RAISE: A Unified Framework for Responsible AI Scoring and Evaluation
This addresses the need for multi-dimensional evaluation in high-stakes domains like finance and healthcare, though it is incremental as it builds on existing responsible AI concepts.
The paper tackles the problem of evaluating AI models beyond predictive accuracy by introducing RAISE, a unified framework that quantifies performance across explainability, fairness, robustness, and sustainability, and finds that no single model dominates across all criteria, with trade-offs such as the Transformer excelling in explainability and fairness but at high environmental cost.

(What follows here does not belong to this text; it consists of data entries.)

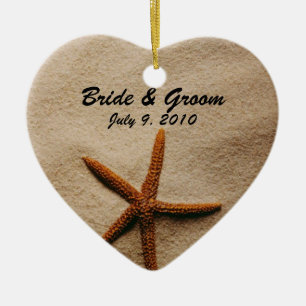 Beach Serenity Keepsaké Bröllop Ornament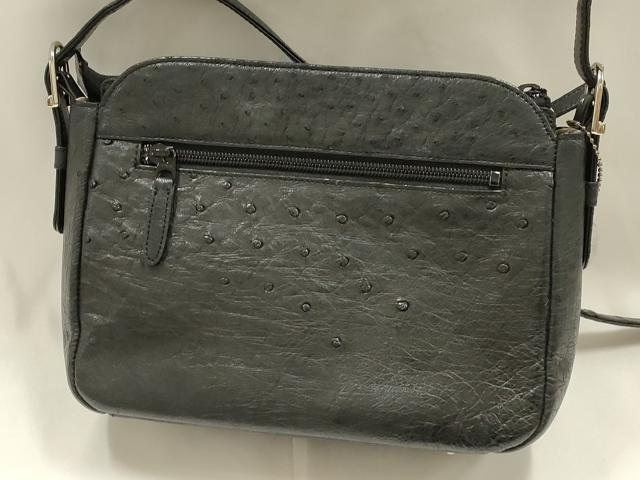 平和屋着物▼ファッション小物 ショルダーバッグ オーストリッチ JRAタグ付き 逸品 AABK5569ay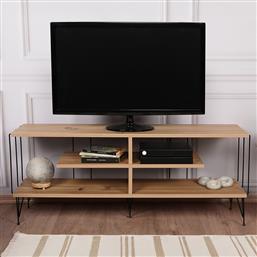 ΒΑΣΗ ΤΗΛΕΟΡΑΣΗΣ EZE - OAK 854KLN3046 (120X44,5X30) ΑΙΘΡΙΟ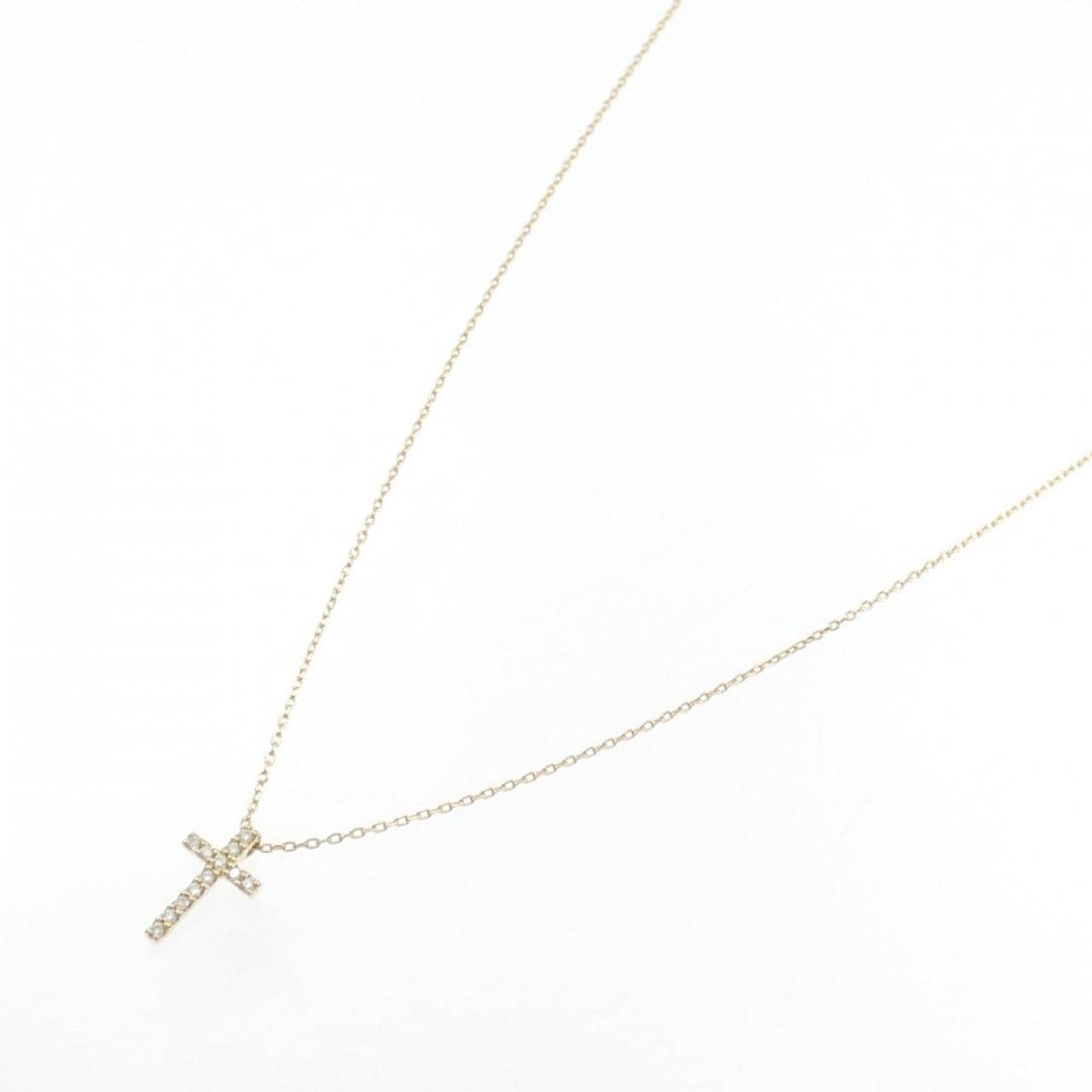 スタージュエリー クロス ダイヤモンド ネックレス 0.03CT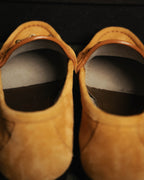 "GUCCI" 10's Camel suede horsebit loafers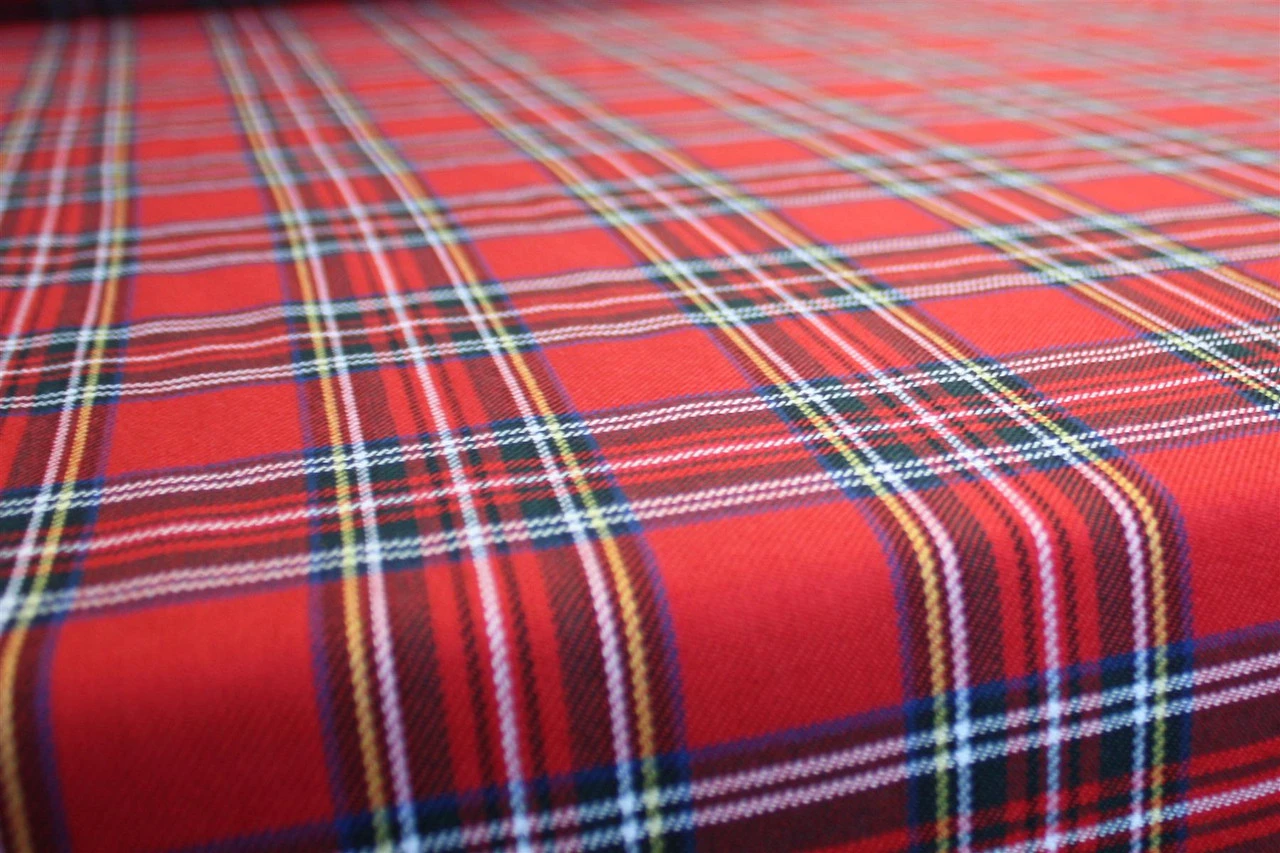 Traditional Scottish Red Royal Stewart 1 Tartan Table Runner Burns Night Supper 2 Traditional Scottish Red Royal Stewart 1 Tartan Table Runner Burns Night Supper - Image 2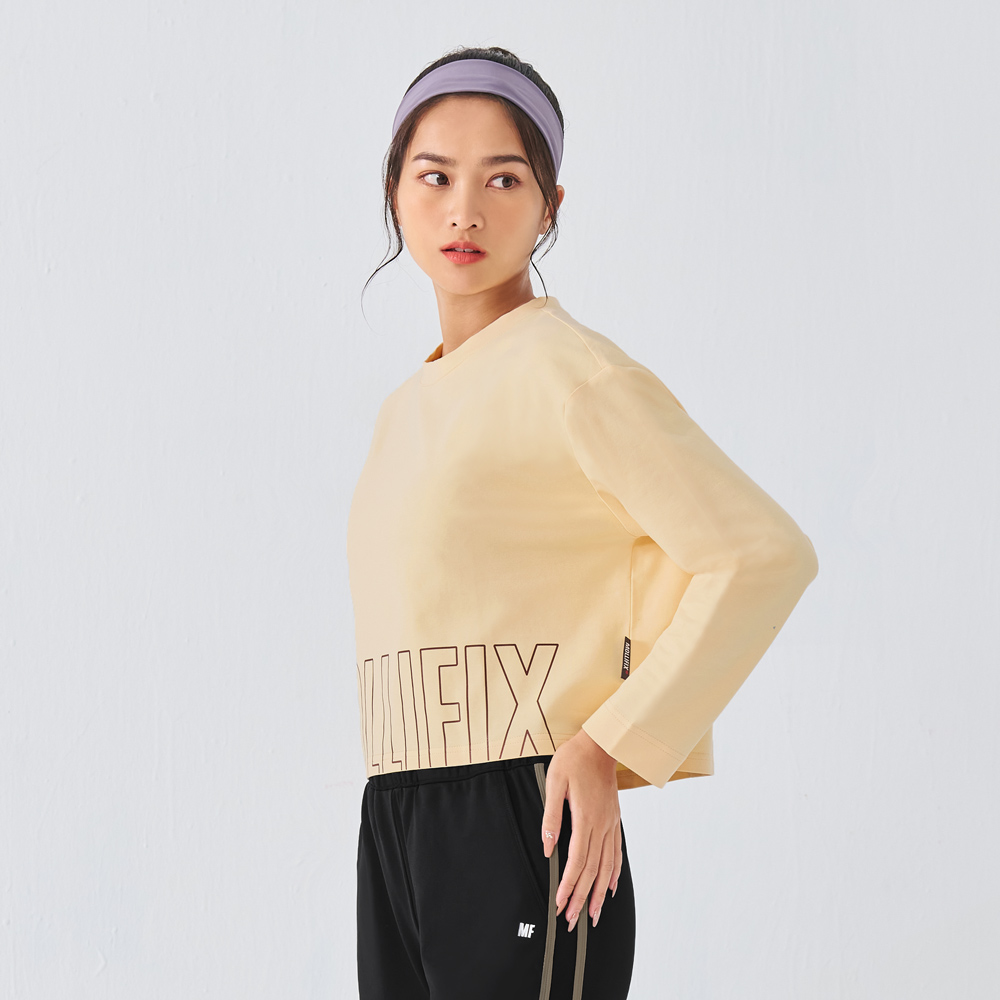 MOLLIFIX 經典LOGO短版長袖上衣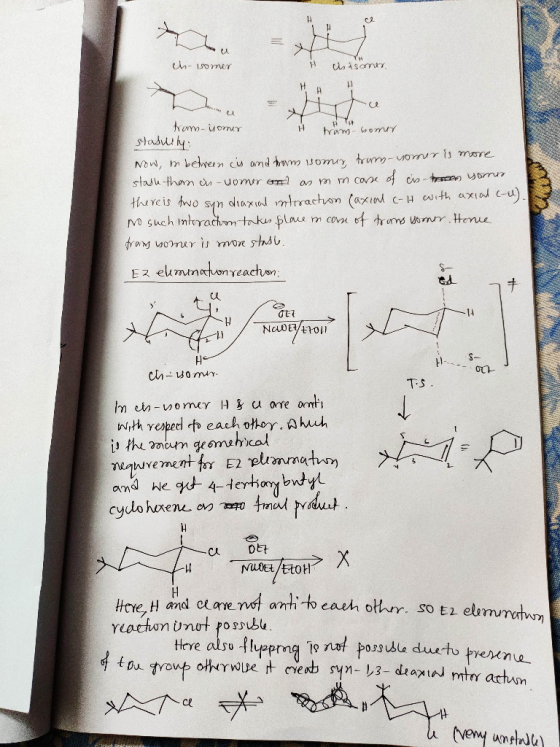 ch- isomer H isoner HD from-isomer tram somer stabully Now, in between cis and from isomer from somer is more stash tham is-s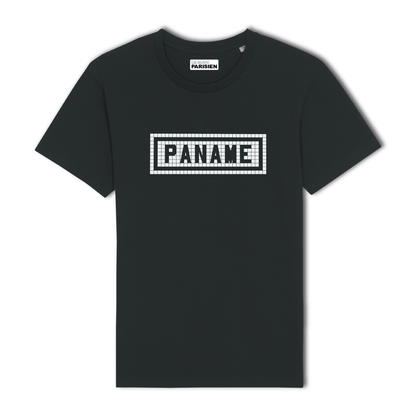 Paname black printed t-shirt
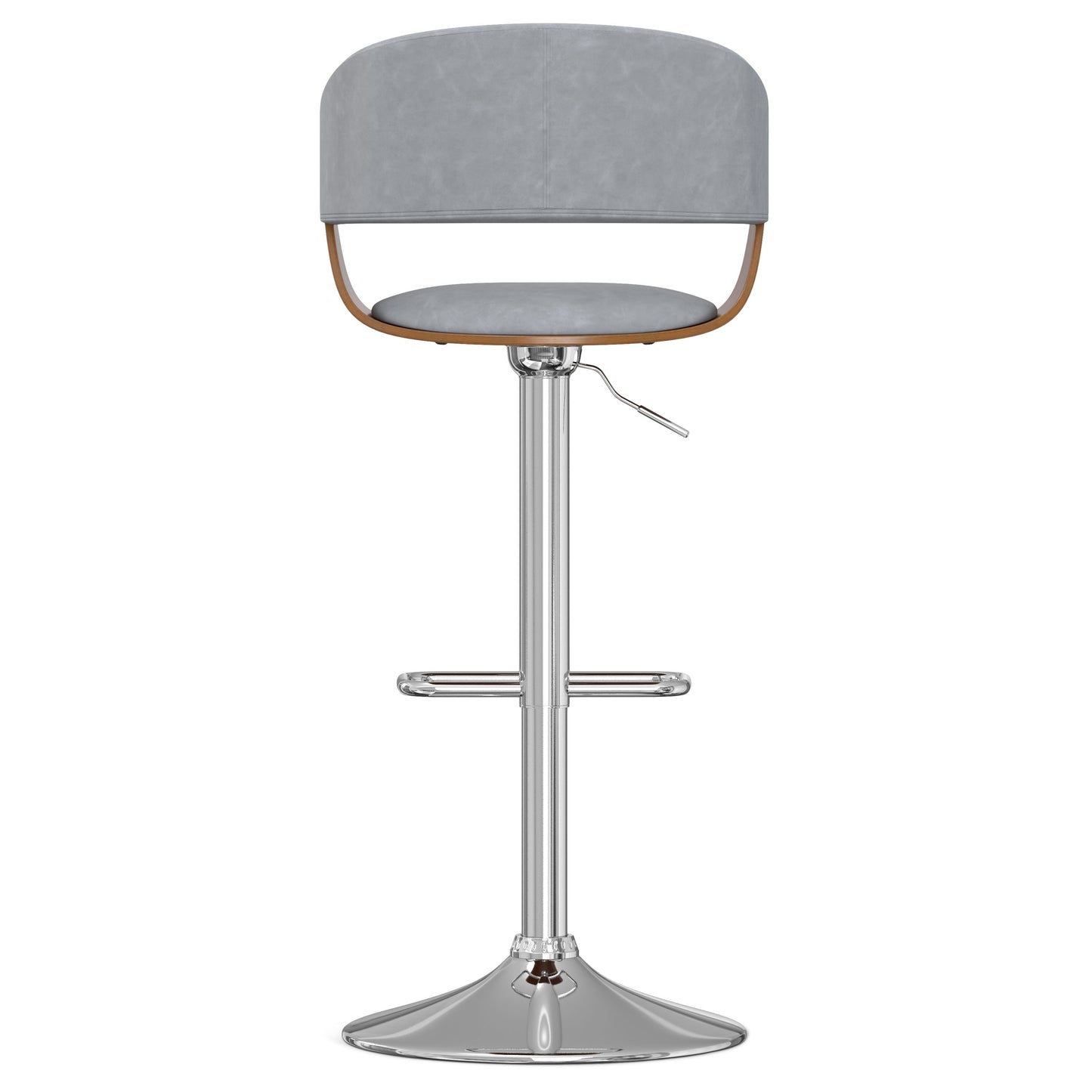 Lowell - Adjustable Swivel Bar Stool - Stone Gray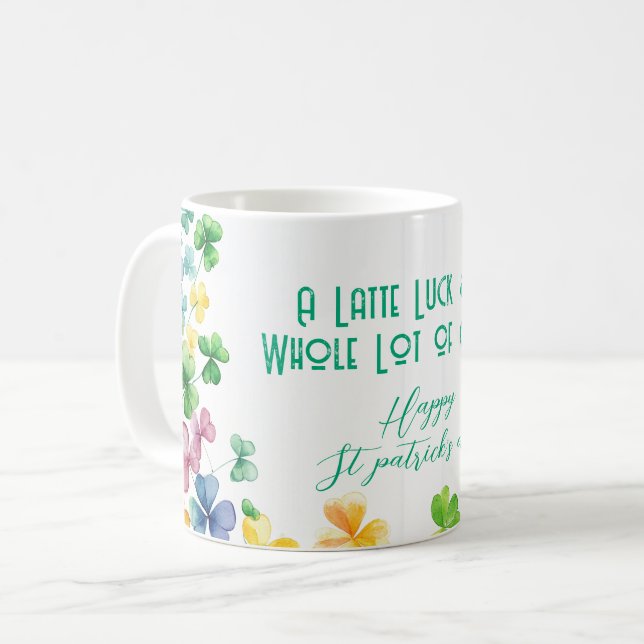 Taza De Café Una última suerte y mucho café (Anverso izquierdo)
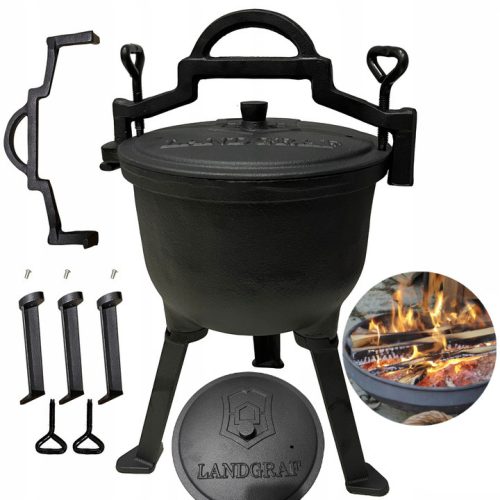  Cast iron hunting cauldron Landgraf 8L
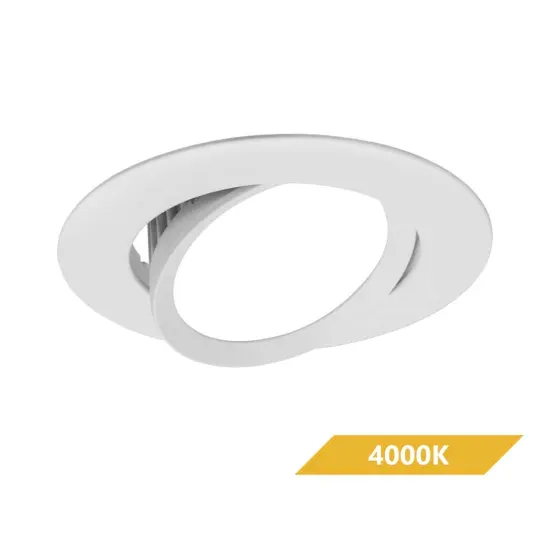 DCG Series 4 in. White Gimbal LED Recessed Downlight, 4000K Cool White {2}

As AI systems enter high-stakes domains, evaluation must extend beyond predictive accuracy to include explainability, fairness, robustness, and sustainability. We introduce RAISE (Responsible AI Scoring and Evaluation), a unified framework that quantifies model performance across these four dimensions and aggregates them into a single, holistic Responsibility Score. We evaluated three deep learning models: a Multilayer Perceptron (MLP), a Tabular ResNet, and a Feature Tokenizer Transformer, on structured datasets from finance, healthcare, and socioeconomics. Our findings reveal critical trade-offs: the MLP demonstrated strong sustainability and robustness, the Transformer excelled in explainability and fairness at a very high environmental cost, and the Tabular ResNet offered a balanced profile. These results underscore that no single model dominates across all responsibility criteria, highlighting the necessity of multi-dimensional evaluation for responsible model selection. Our implementation is available at: https://github.com/raise-framework/raise.